**Data excerpts**
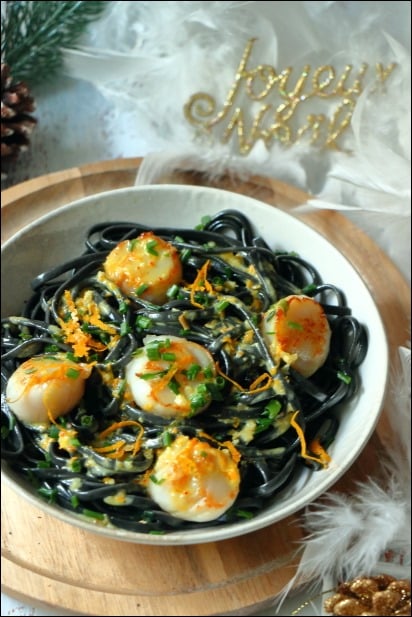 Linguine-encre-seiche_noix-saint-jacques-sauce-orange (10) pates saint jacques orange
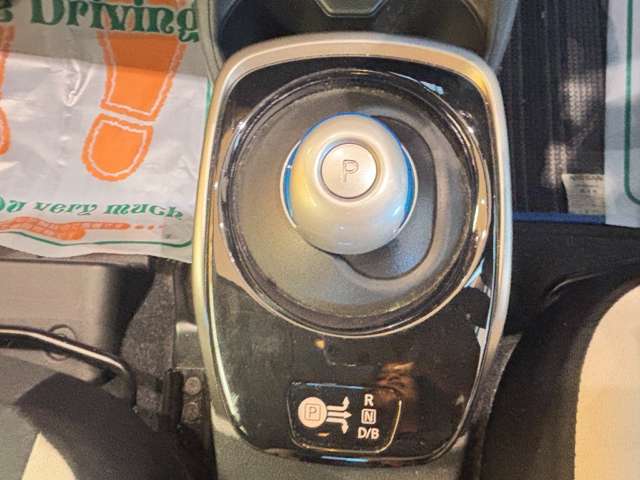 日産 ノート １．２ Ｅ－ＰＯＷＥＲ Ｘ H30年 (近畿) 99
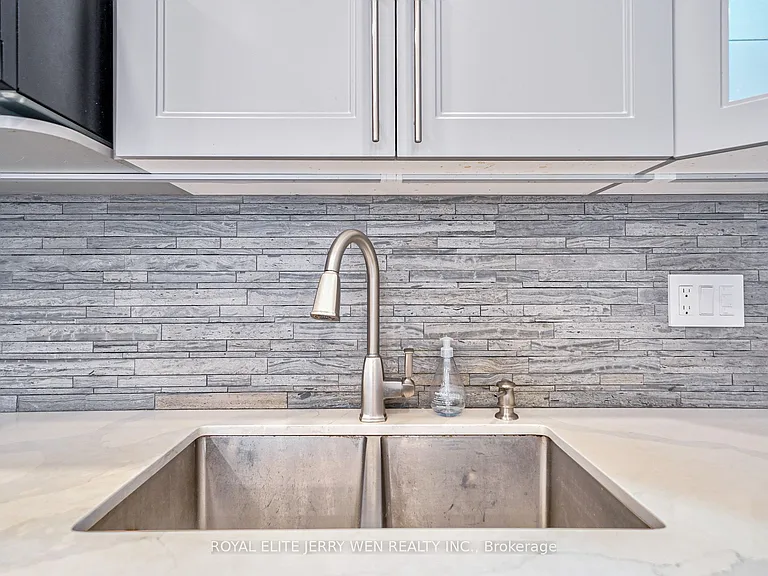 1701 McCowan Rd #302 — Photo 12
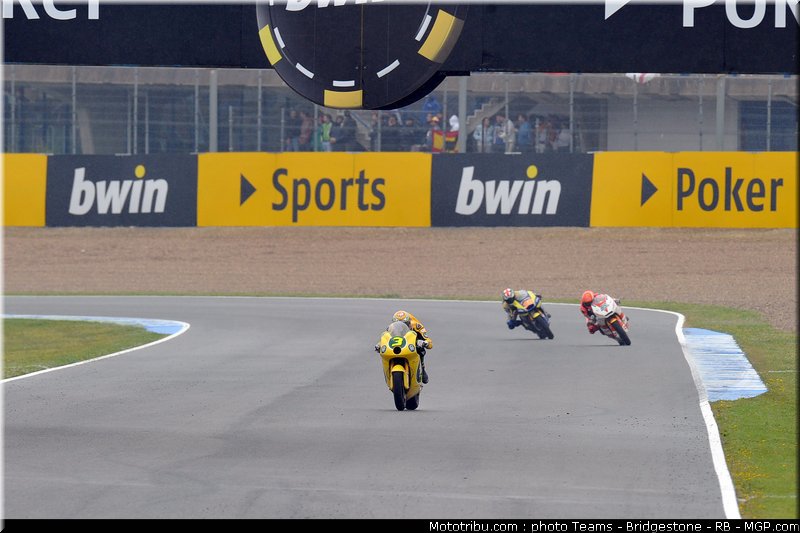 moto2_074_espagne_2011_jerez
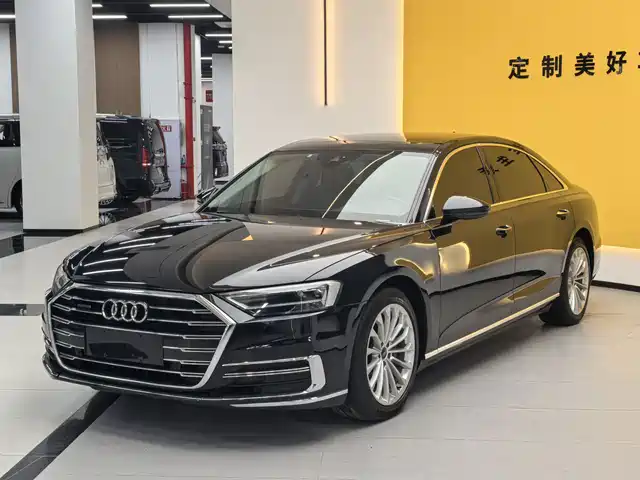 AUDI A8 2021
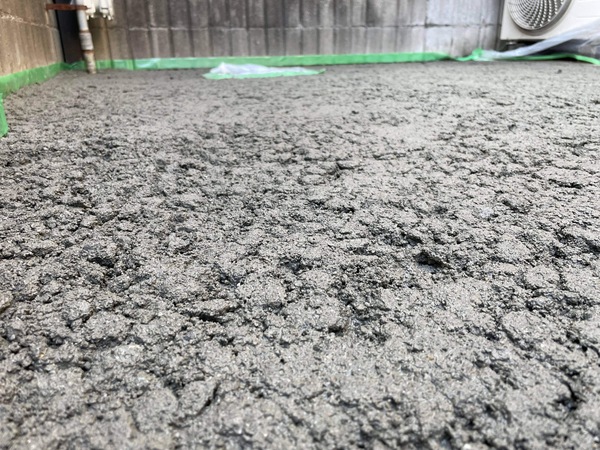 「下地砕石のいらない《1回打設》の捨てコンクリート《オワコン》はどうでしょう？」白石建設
* * *
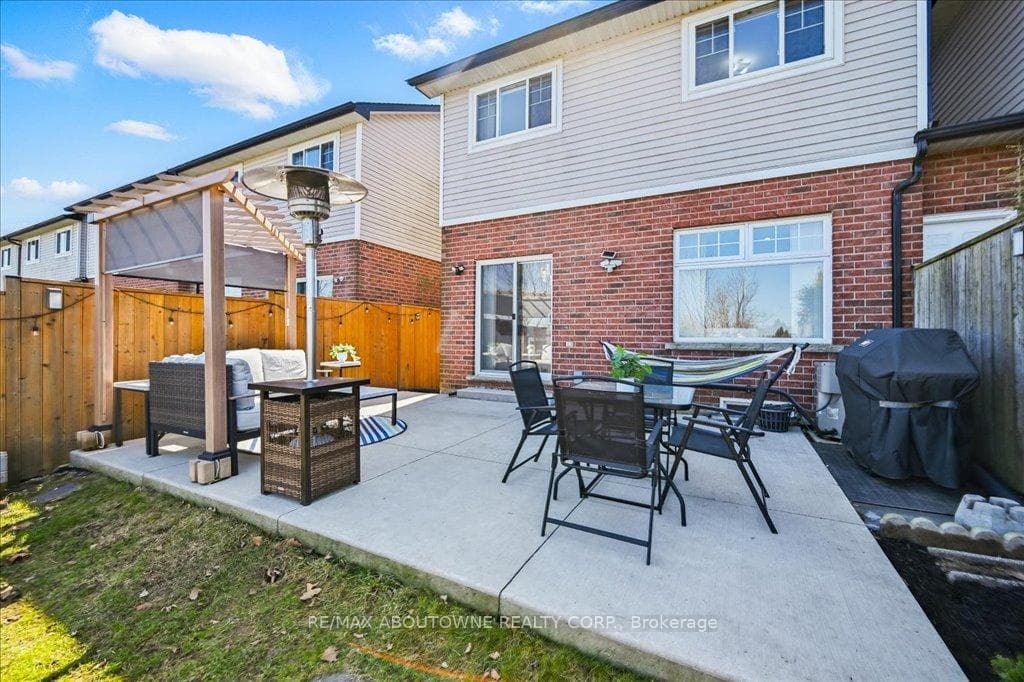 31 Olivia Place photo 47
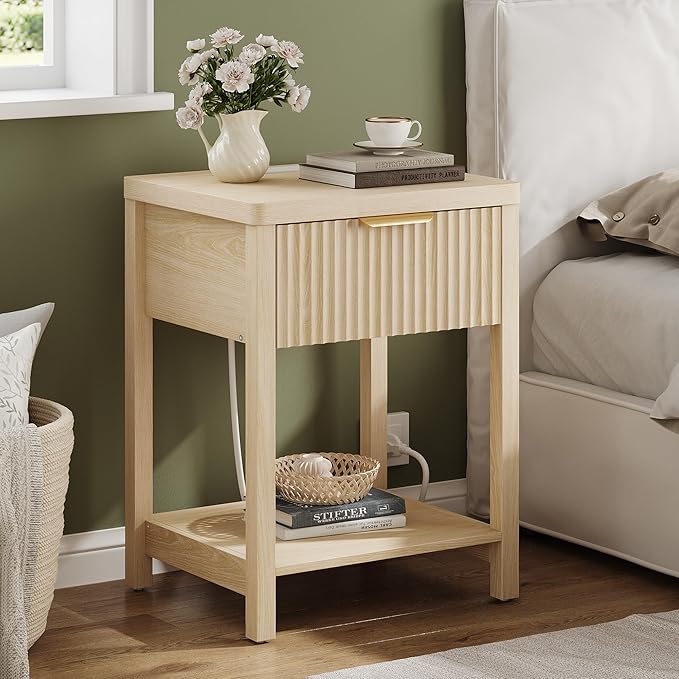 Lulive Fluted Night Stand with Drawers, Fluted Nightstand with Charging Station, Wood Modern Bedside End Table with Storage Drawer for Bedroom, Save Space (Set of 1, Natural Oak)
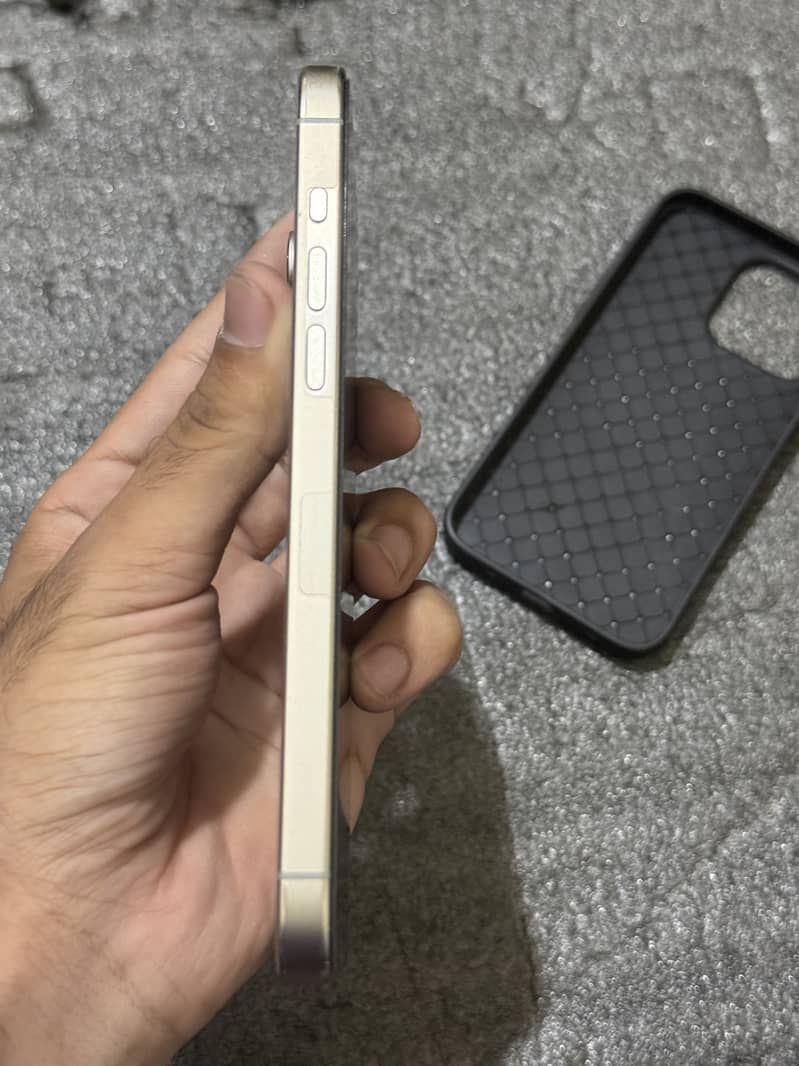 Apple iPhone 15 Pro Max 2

**Required action**
The answer is those lines of the material above that run from the one containing "Lulive Fluted Night" up to and including the one containing "Apple iPhone 15 Pro Max 2", restated exactly and without images.

**Exercise solution**
 Lulive Fluted Night Stand with Drawers, Fluted Nightstand with Charging Station, Wood Modern Bedside End Table with Storage Drawer for Bedroom, Save Space (Set of 1, Natural Oak)
 Apple iPhone 15 Pro Max 2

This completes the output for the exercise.